The report contains a large volume of information relating to the implementation of capacity sharing in St George and MacIntyre Brook. It is hoped the report will become a useful reference for water managers who have an interest in reforming water allocation/storage management policies. While the theoretical advantages of storage rights/capacity sharing are relatively well established, there has until recently remained scepticism over the feasibility of this approach in practice. The experience of St George, and to a lesser extent MacIntyre Brook, has demonstrated that capacity sharing is feasible and practical. While there are challenges to face in refining the approach and in introducing it into other systems, capacity sharing shows significant potential.
In Australia, access to irrigation water is traditionally governed by a system of water entitlements with nominal volumetric limits and seasonal allocations. Under this system, water managers effectively determine the proportion of total water available released for use in the current season and the proportion which remains in storage for use in future seasons.
Such a centralised approach to water allocation may, for a number of practical reasons, lead to an inefficient allocation of irrigation water. One way of addressing these potential inefficiencies is to introduce carryover rights, which allow water users to hold over a proportion of their seasonal allocation for use in future seasons. However, carryover rights while beneficial are subject to a number of practical limitations.
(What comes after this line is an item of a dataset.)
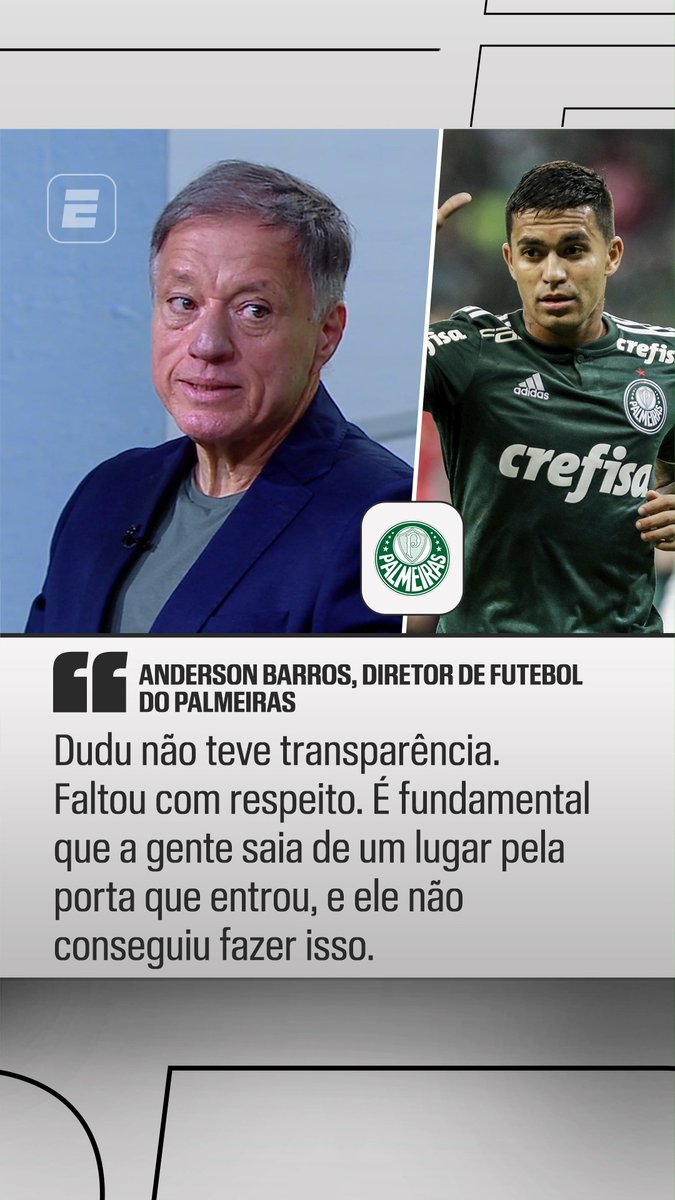 "FALTOU COM RESPEITO!" 😳 Anderson Barros, diretor de futebol do Palmeiras, falou sobre a rescisão nada amigável entre Dudu e o alviverde. O dirigente abriu o jogo e falou que o jogador faltou com respeito ao clube e que não saiu pela porta dos fundos. 👉 Assista ao Bola da Vez com Anderson no Plano Premium do #DisneyPlus! #FutebolNaESPN #Palmeiras #Dudu #Cruzeiro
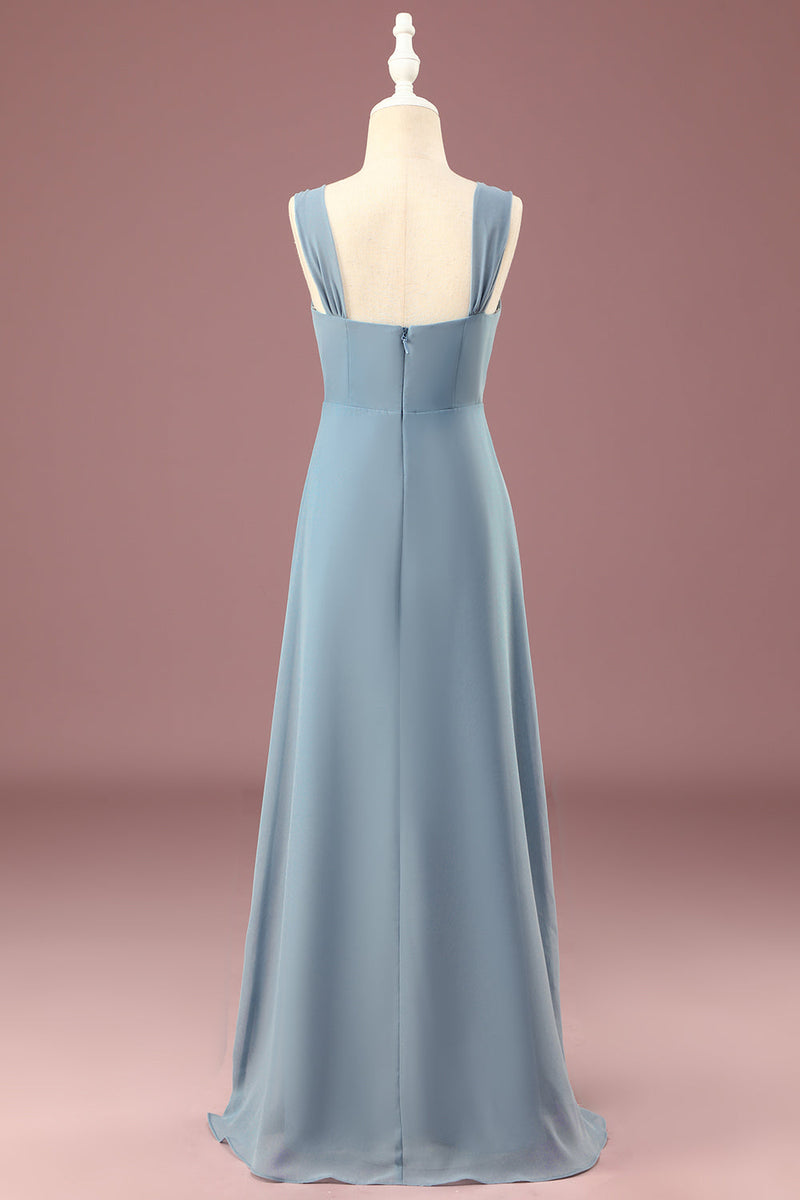 Załaduj obraz do przeglądarki galerii, Niebieska Szyfon Linia Dekolt V Sukienka Dla Małej Druhny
Capacity sharing is an alternative system of water allocation first proposed by Dudley and Musgrave (1988). Under capacity sharing, traditional volumetric water entitlements are redefined into shares of storage capacity and shares of inflow. The first report of this project discussed a number of the advantages of capacity sharing over the traditional announced allocation/carryover rights approach. Ultimately, capacity sharing provides a more transparent system which offers water users more flexibility over how and when they use available water resources.
Capacity sharing has been in operation in the St George region since 2000 and was introduced into the nearby MacIntyre Brook region on 1 July 2008. To date, these are the only irrigation regions in Australia where capacity sharing has been implemented at the end user level.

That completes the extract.